Yasuhara:This trend continues even after repeated washing, with denim producing almost the same amount of lint every time and canvas consistently not producing lint. The experiment was conducted by preparing cloths of the same size, hemming them, washing them in a washing machine under the same conditions (washing time/amount of water), filtering the wastewater through a filter to collect any fiber lint, then drying and weighing the lint. During this process, we observed the fiber lint under an electron microscope. We were able to confirm subtle differences that could not be seen with the naked eye, such as thinner fibers contained within a single fiber. This was a major discovery in our investigation of the cause.
Watadani:Based on these results, we're currently conducting research into materials that could be used for vertical and horizontal yarns to produce more environmentally friendly fibers.
Fujita:They've had some valuable exchanges with universities and companies during their research. Through the Leave a Nest Challenge Program, the students receive face-to-face guidance about once a month from a student tutor specializing in textiles at Keio University, as well as advice on how to proceed with their research and prepare presentation materials. Patagonia also provided filters essential for the experiment. These two are currently representing the Chugoku region in the Marine Challenge Program and are preparing a presentation at the national competition. This is a research topic that even Japanese consumer electronics manufacturers and textile manufacturers haven't yet been involved in. I'm very keen for them to share their results and get a feel for how their research connects with society.

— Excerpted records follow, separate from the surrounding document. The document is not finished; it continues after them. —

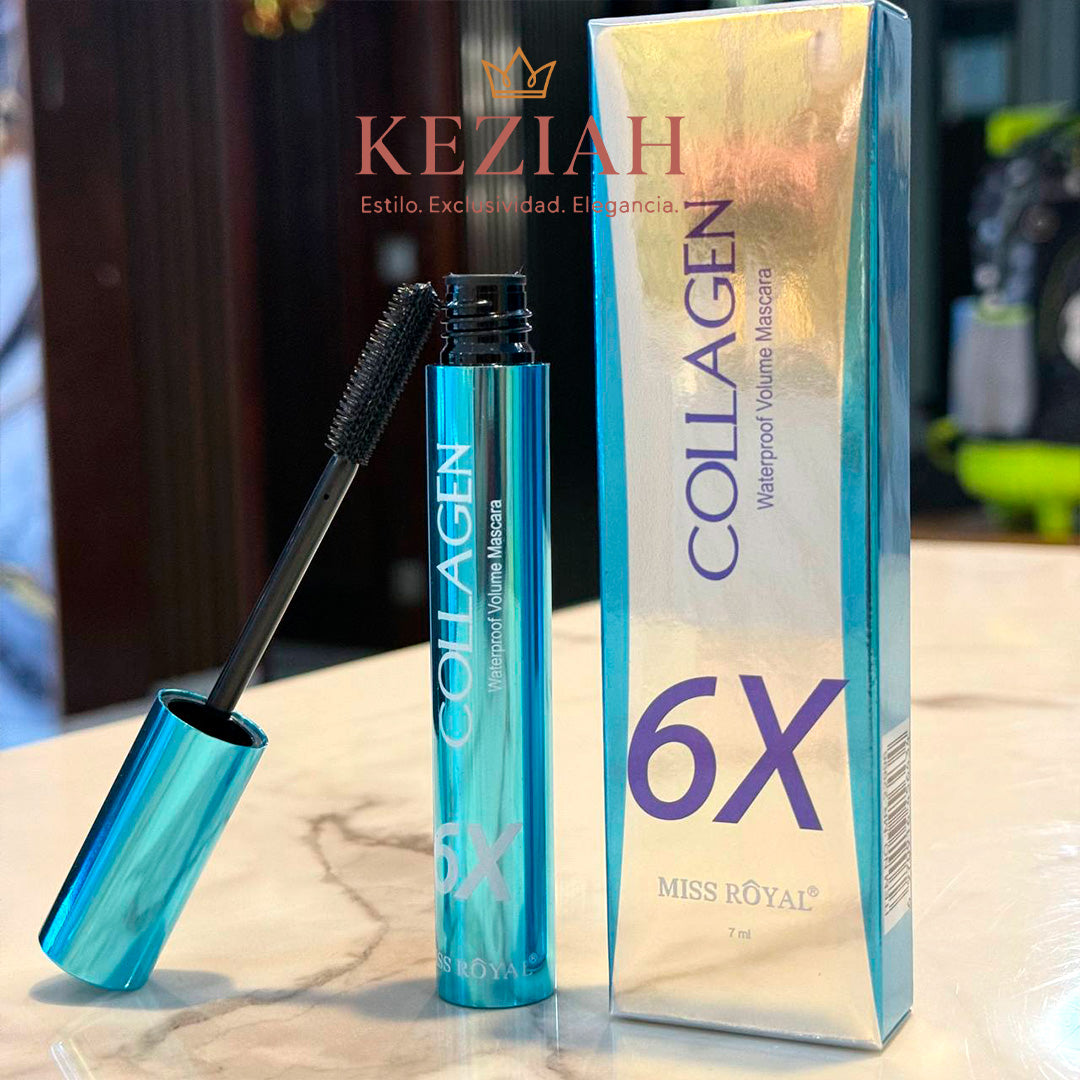 👁️ Rímel Enough Collagen 6X Waterproof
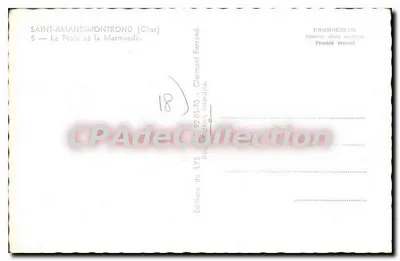 Saint-Amand-Montrond (Cher) — A Postagem e a Marmande — Edição do LYS — Verso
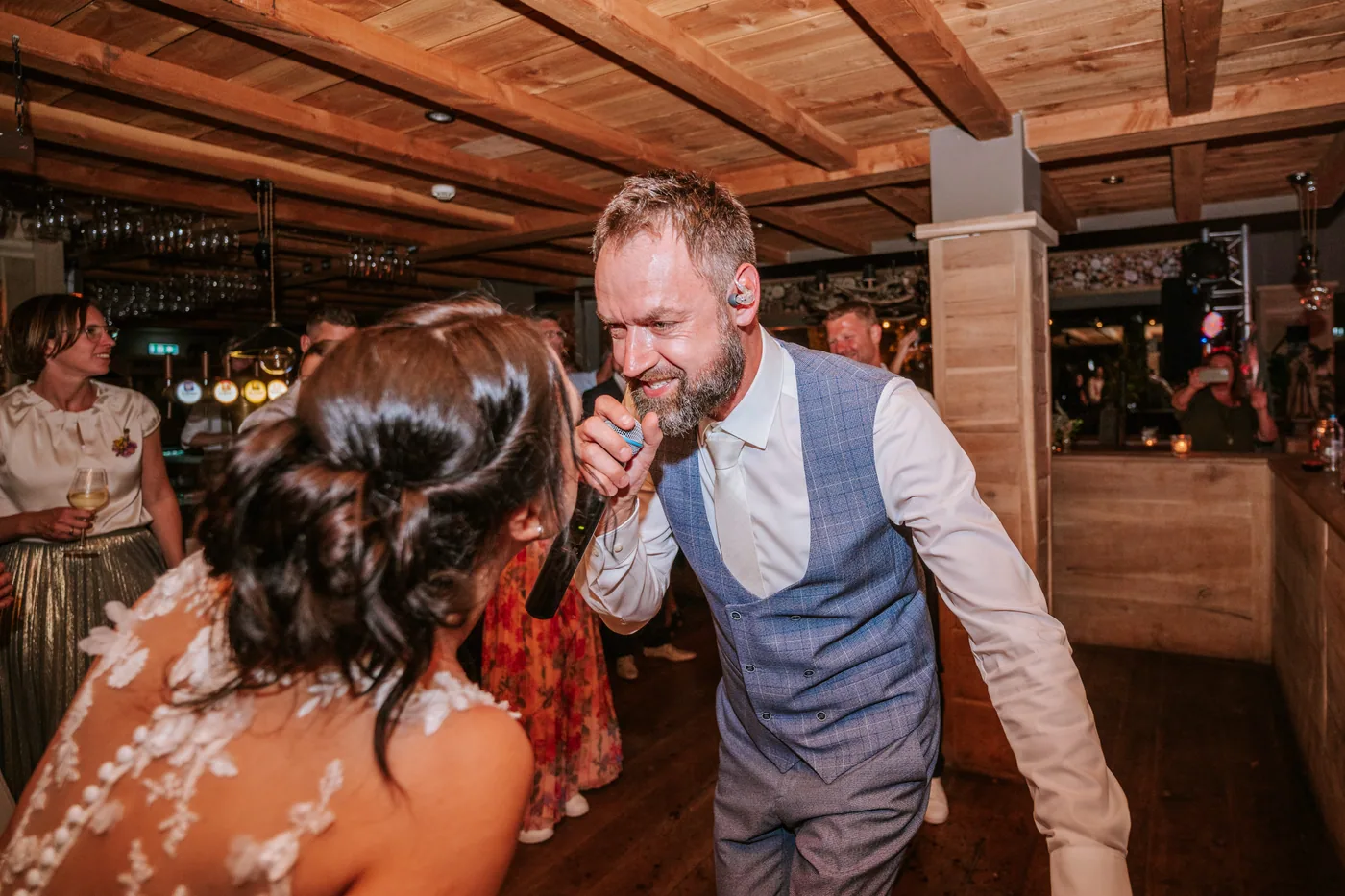 Nynke & Maurice, bruiloft bij Meneer van Eijck, Oisterwijk, foto 99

Yasuhara:All the advice we've received from the university, companies, and Mr. Fujita has been very helpful. One thing I've developed is the habit of looking into things that interest me, which I feel is important for a wide range of situations, not just during research.

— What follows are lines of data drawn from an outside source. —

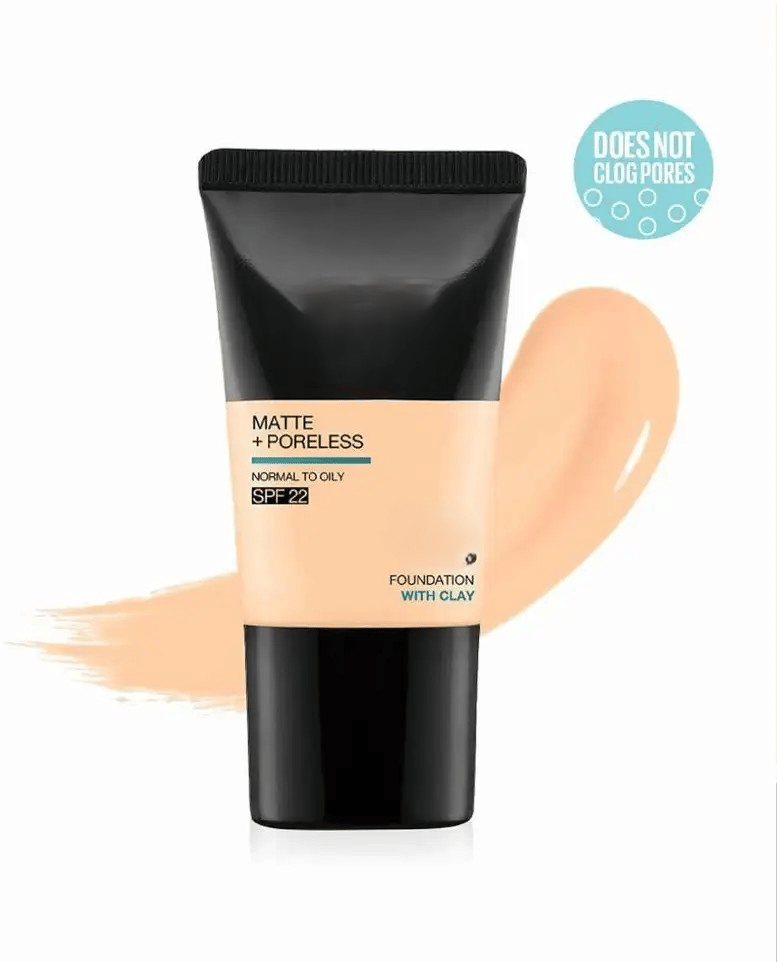     			Generic Matte Cream For All Skin Types Skin Light Foundation Pack of 1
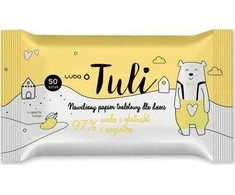 Luba Tuli Vaikams Mango šlapias tualetinis popierius 50vnt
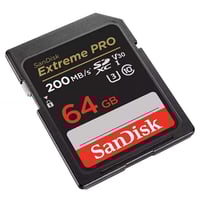 Thẻ nhớ SDXC Sandisk Extreme Pro 64GB 200MB/90MB/s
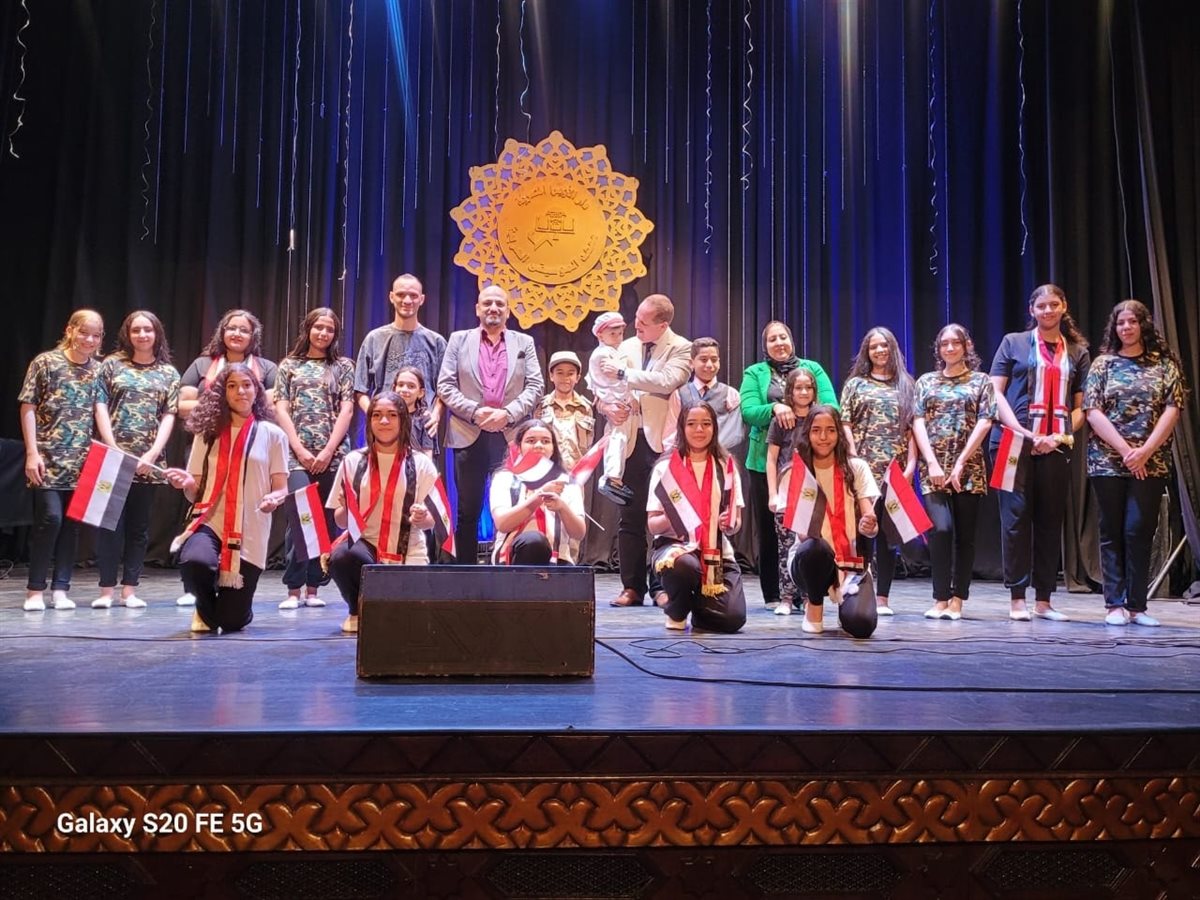 الثقافة تحتفل بذكرى انتصارات أكتوبر على مسرح معهد الموسيقى العربية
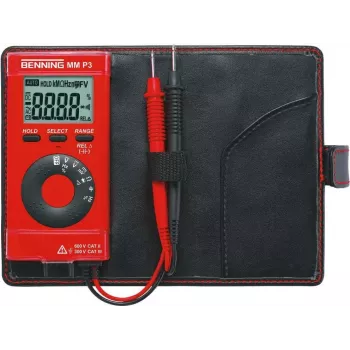 BENNING MM P3 Digital multimeter CAT III 300V Multimeter (MM P3 044084)
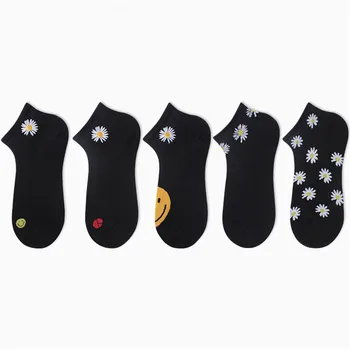 KPOP G-Dragon Výšivky Bavlna Priedušná G-Dragon Ponožky PEACEMINUSONE Zadarmo Veľkosť Daisy Dizajn Bežné Nosenie Fanúšikov Zber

Watadani:The thing that left the biggest impression on me was when we were stuck in our research and Mr. Fujita casually brought us ice creams [laughs].

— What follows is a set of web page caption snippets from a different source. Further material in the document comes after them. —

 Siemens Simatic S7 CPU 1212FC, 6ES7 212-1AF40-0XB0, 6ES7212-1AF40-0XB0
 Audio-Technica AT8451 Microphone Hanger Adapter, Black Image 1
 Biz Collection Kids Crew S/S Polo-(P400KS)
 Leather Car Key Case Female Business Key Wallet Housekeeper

Yasuhara and Watadani:That was great!
Fujita:Really? That left the biggest impression? [Laughs]
* Plied yarn is a material made by twisting several threads of yarn together. Plying refers to making yarn using this technique.
Okayama Prefectural Kurashiki Technical High School was opened in 1939 as Okayama Prefectural Kurashiki Technical School. The school name was changed to its current name as part of the educational system reform of 1948. This year (2025), it will celebrate its 86th anniversary.
The educational aim of the school is to cultivate industry workers with specialized knowledge and skills built on a foundation of general education, who are creative, independent, and strong both mentally and physically. To achieve this goal, the school has five departments: Mechanical Engineering, Electromechanical Engineering, Electrical Engineering, Industrial Chemistry, and Textile Engineering.
In addition to their daily learning, the students actively acquire qualifications, take part in club activities, and craft things by hand. Supplementary lessons are also provided prior to exams, and the results of the specialized learning and skills cultivated by each department are reliably seen.
The school also places importance on developing human resources who can contribute to society and the local community, so club activities such as those of the science club are run with an awareness of collaboration with the local community and businesses. The students always keep in mind how their studies and research relate and contribute to society.